**DATA FOR ANALYSIS:**
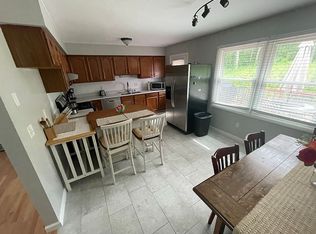 13 Pines Ct, Albany, NY 12203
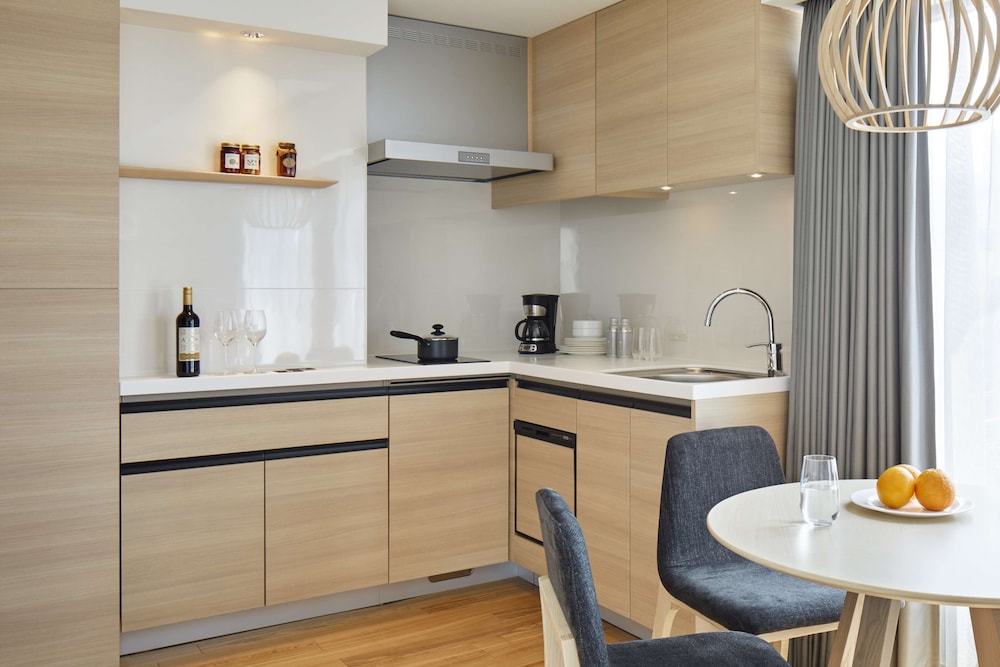 Hyatt House Kanazawa 50/50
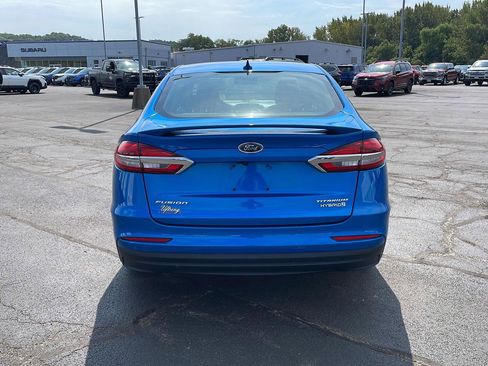 Used 2019 Ford Fusion Titanium FWD image 4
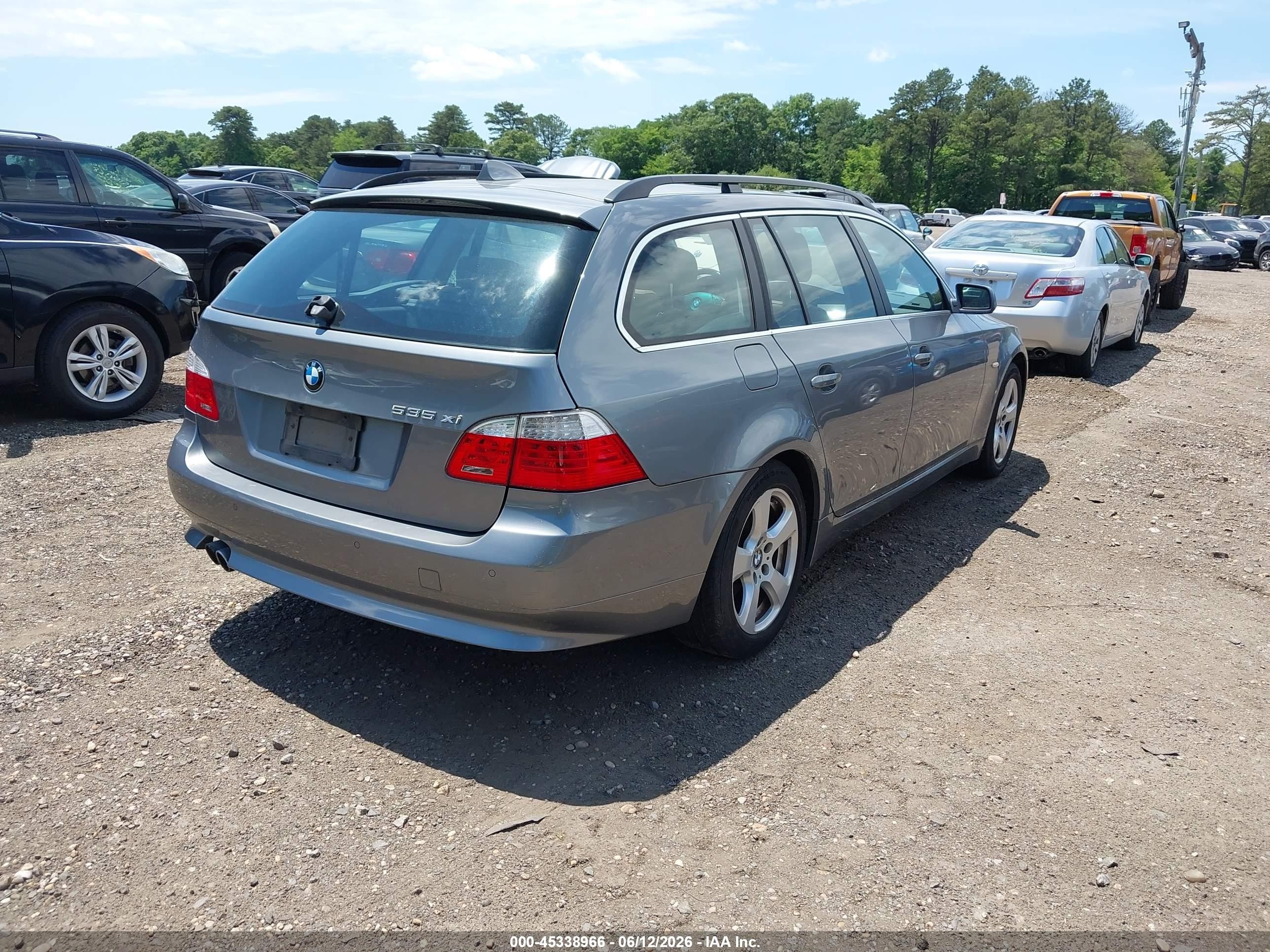 2008 Bmw 535xi   Gray vin: WBAPT735X8CX00332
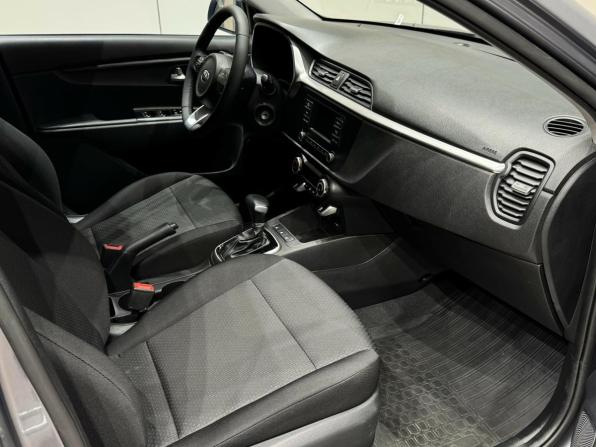 Kia Rio IV Рестайлинг с пробегом 2020 года, цена 1 439 000 рублей, 132888 км, седан, Автокод Объявления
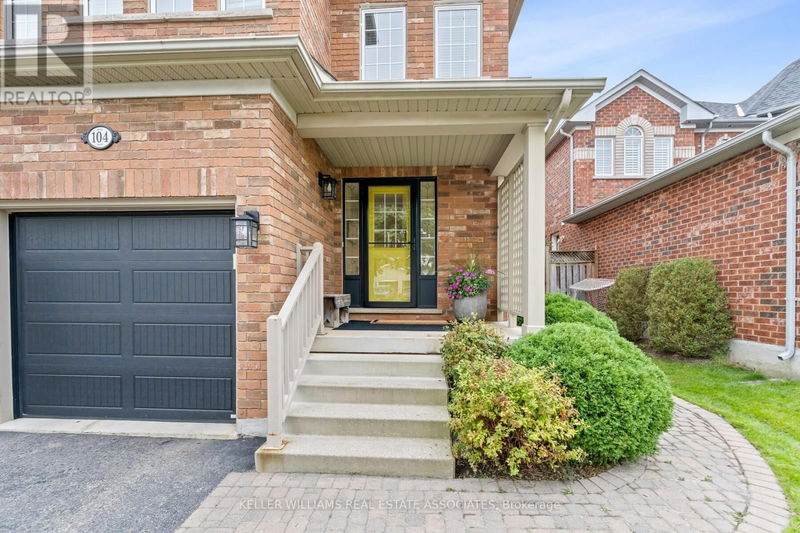 104 Forsyth Crescent  Halton Hills (Georgetown), L7G6G2 | Image 3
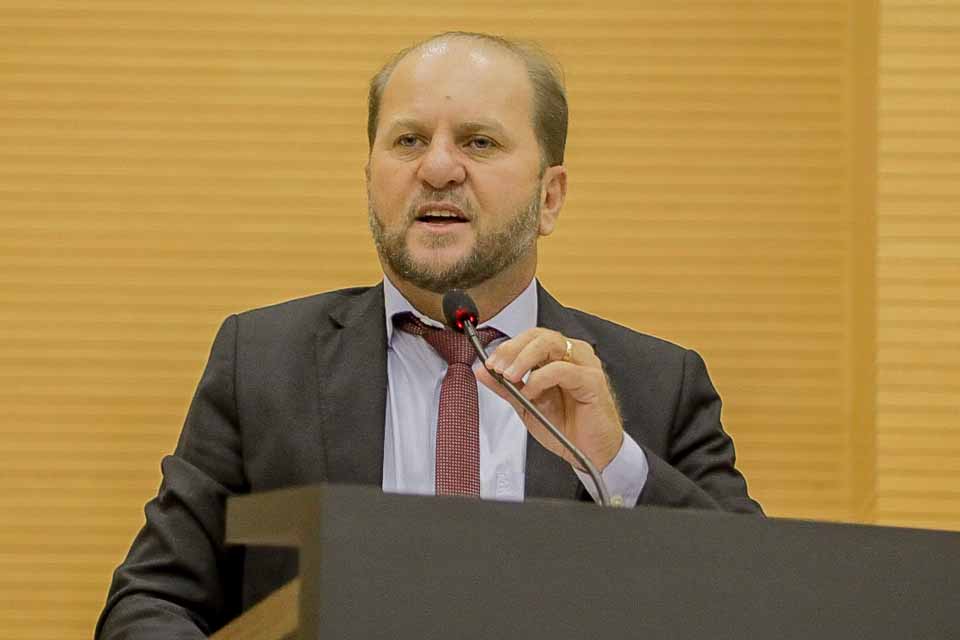 Deputado Cirone destaca novo momento do Cacau em Rondônia e pede mais investimentos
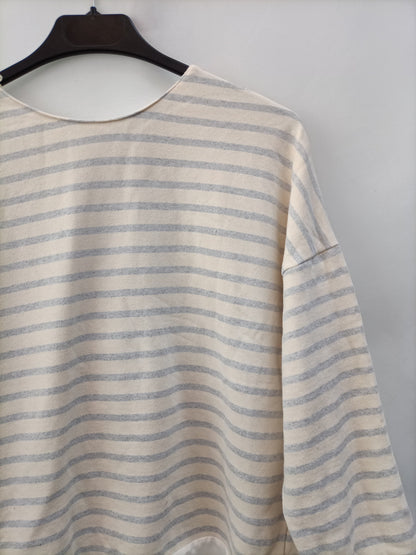 MarketZARA. Top rayas beige y celeste T.m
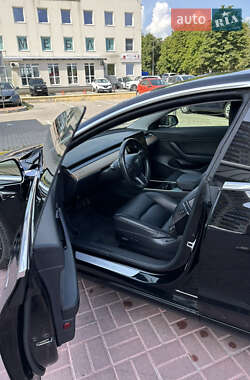 Седан Tesla Model 3 2018 в Ровно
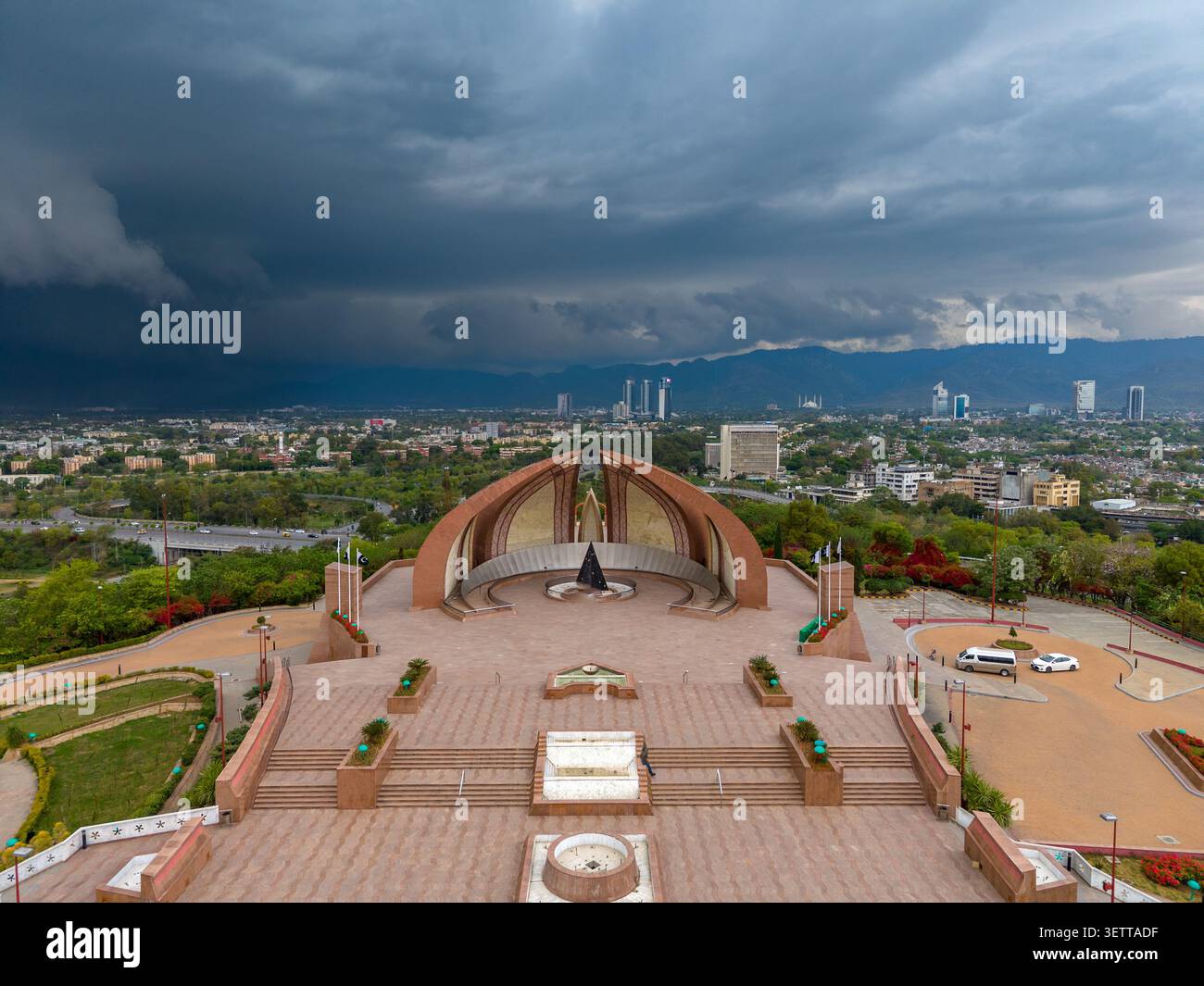 Vue aérienne du Pakistan Monument, un monument national avec sa structure en forme de pétales posée contre un ciel orageux dramatique à Islamabad, Islamabad CA Banque D'Images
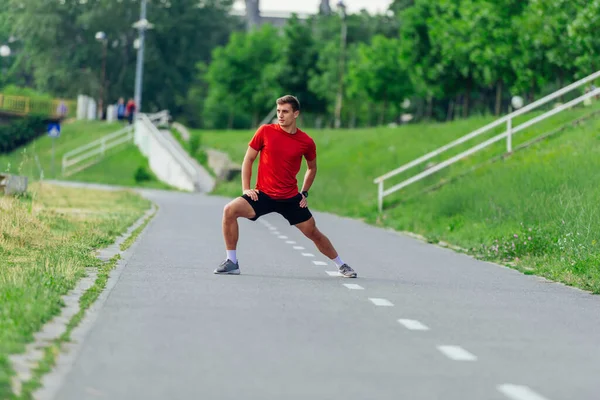 Knappe Jongeman Die Zich Uitrekt Opwarmt Voor Ochtendtraining Het Park — Stockfoto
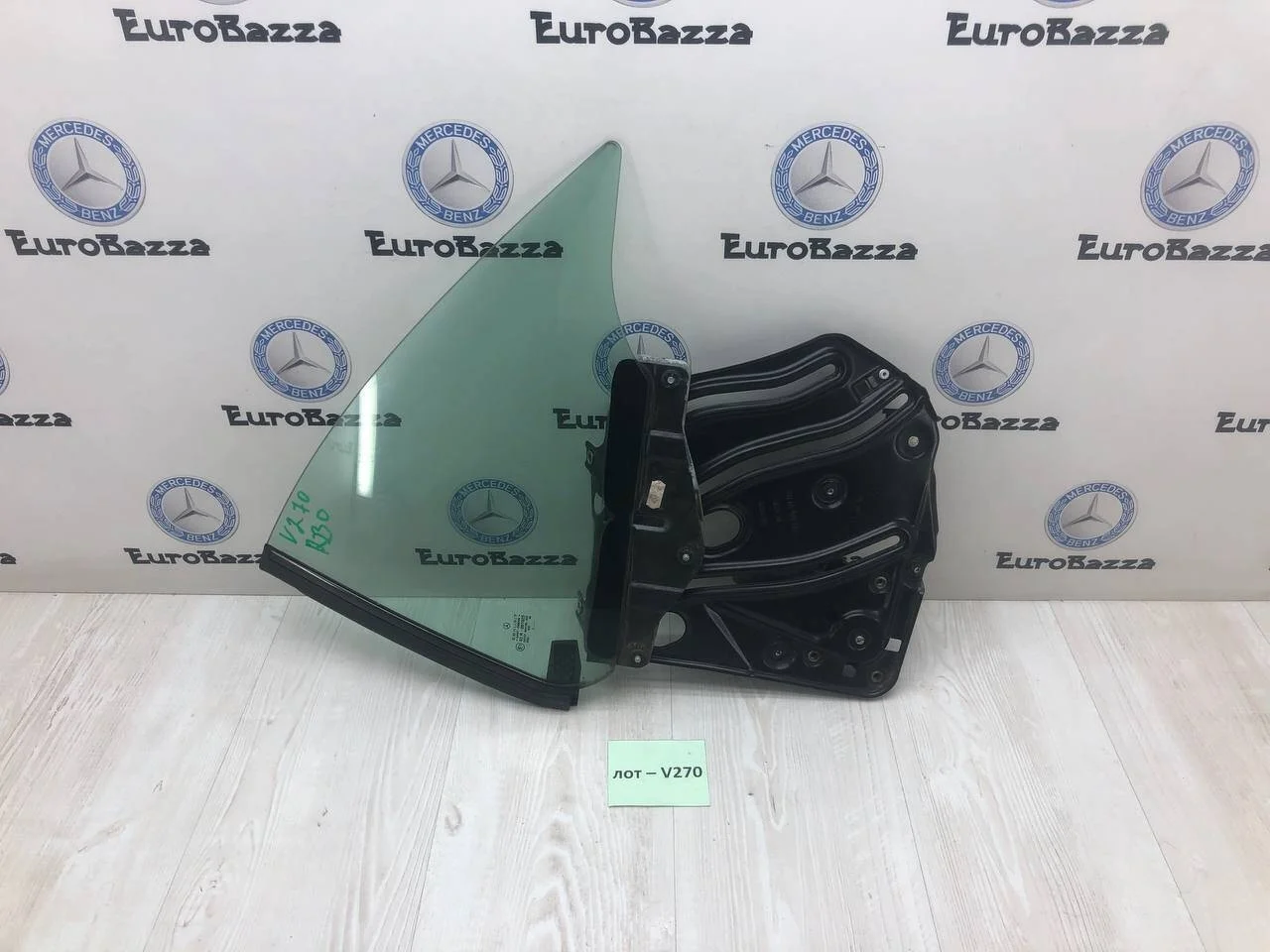 Заднее левое боковое стекло Mercedes R230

**YOUR TASK:**
Starting at the line with "Knappe Jongeman Die", output each line through the final one of the listing above, and nothing else. Pictures are to be left out.

**FINISHED TASK:**
 Knappe Jongeman Die Zich Uitrekt Opwarmt Voor Ochtendtraining Het Park — Stockfoto
 Заднее левое боковое стекло Mercedes R230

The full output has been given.